The FIA should take the lead in pushing through dramatic cost cuts in Formula 1 as teams will never agree a way forward that works, believes Caterham.
Ahead of imminent discussions between teams, the FIA and the sport's commercial chiefs to frame plans for a cost cap, Caterham boss Cyril Abiteboul thinks the governing body should seize control of the issue.
He thinks that expecting teams to approve cost reduction plans, which could hurt their competitiveness, is wrong.
"Is it really the teams' duty?" Abiteboul told AUTOSPORT about whether or not the bigger teams should be left to sort out the sport's financial platform.
"I know everyone is complaining that the bigger teams should be less selfish, and that they should think about the interests of the sport - but put yourself in the shoes of their team principal. All he wants is to win.
"Whether or not Caterham is here and can be competitive, he doesn't care. So I think that everyone has to come back to what his priority is.
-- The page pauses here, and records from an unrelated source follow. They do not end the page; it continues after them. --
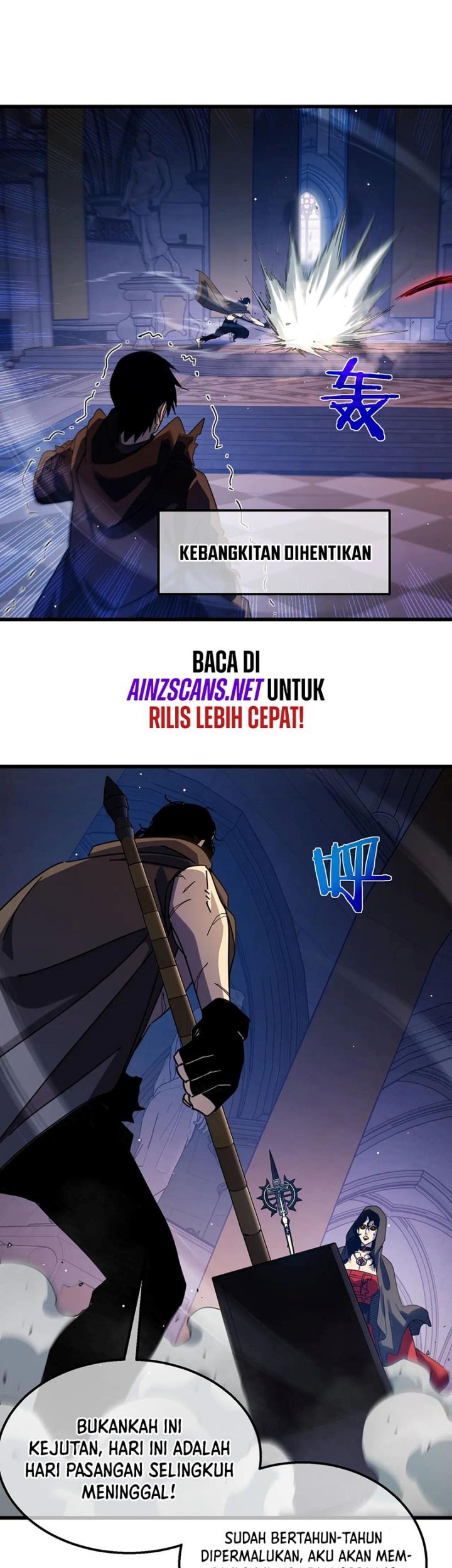 My Unbeatable Passive Skill Lets Me Deal Massive Damage! Chapter 36 Gambar 28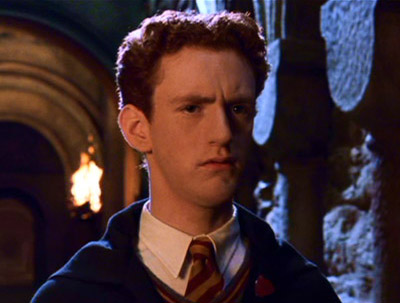 Who played the role of Percy Weasley's father in the Harry Potter films? 2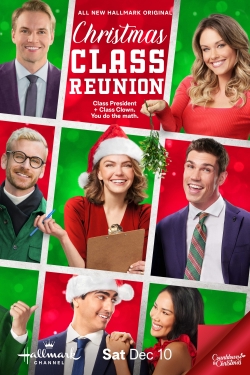 Christmas Class Reunion (2022) Official Image | AndyDay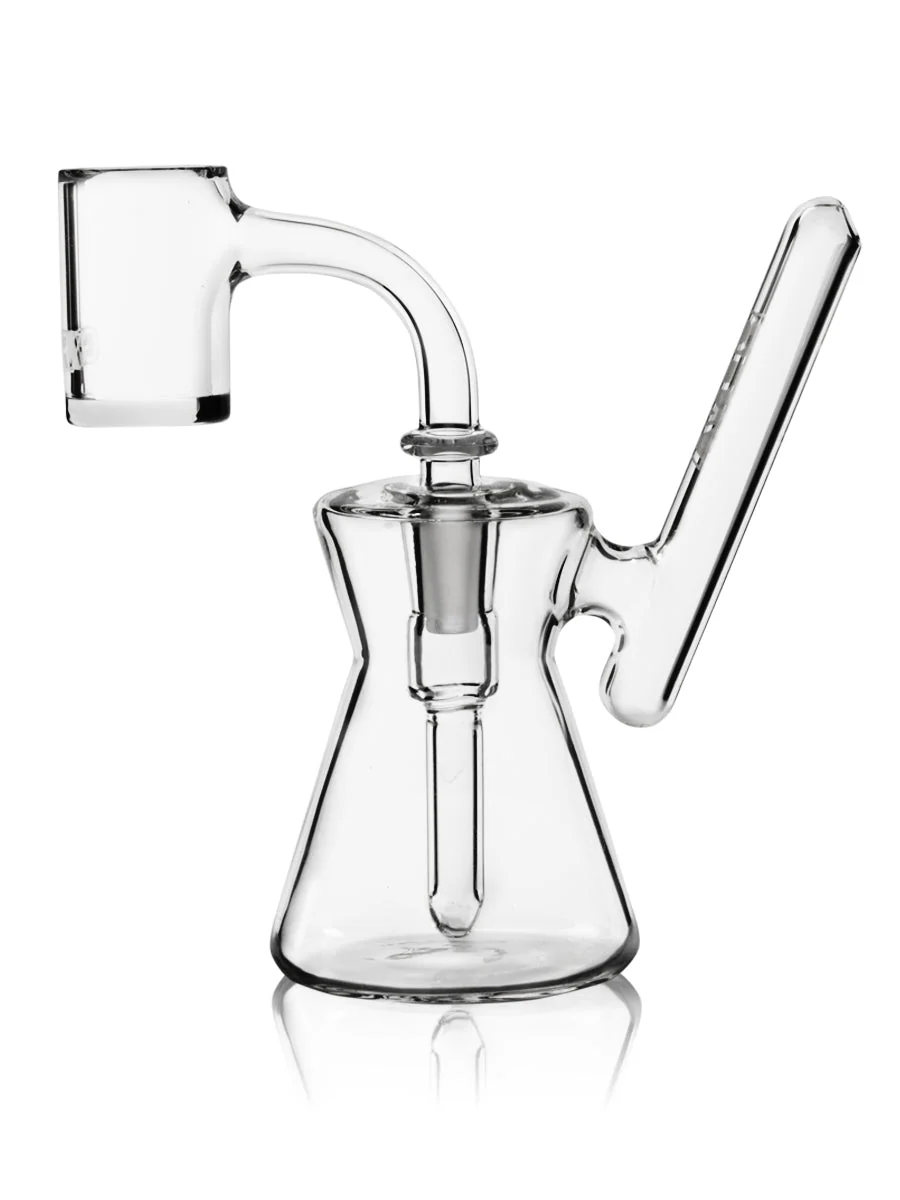 GRAV Hourglass Pocket Bubbler Rig - Image 3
"I have my priority and agenda. Stefano [Domenicali] and Christian [Horner] have their own priorities, so I think it is really down to the governing body. If there is a problem it should be down to them to sort out.
"I don't believe in the teams to have the capacity to sort it out. Most of the team principals are employees, who also have to think about their own individual performance, and when it is not good enough they will focus on their own issues.
"It is difficult to be altruist. F1 is not a charity."
PRIZE MONEY DISTRIBUTION A PROBLEM
Abiteboul suggests that one of the factors that has hurt teams is the way that the prize money is distributed in F1, which has tempted some outfits to spend beyond their means to chase success.
"You can encourage cost reduction through the way that you distribute revenue, but we are not going in that direction," he said.
"When you are in this business you are extremely tempted to over spend and over invest, and I believe that is the strategy of a team like Lotus.
"They want to be extremely successful in order to monetise and it comes at the cost potentially of their balance sheet. But can we blame them? No. They are just in the game.
"They are over enthusiastic about the racing element, the competitiveness of their environment. That is an approach.
"I think Sauber, for example, has a completely different approach in making sure it only invests in what it has. It is two different business strategies."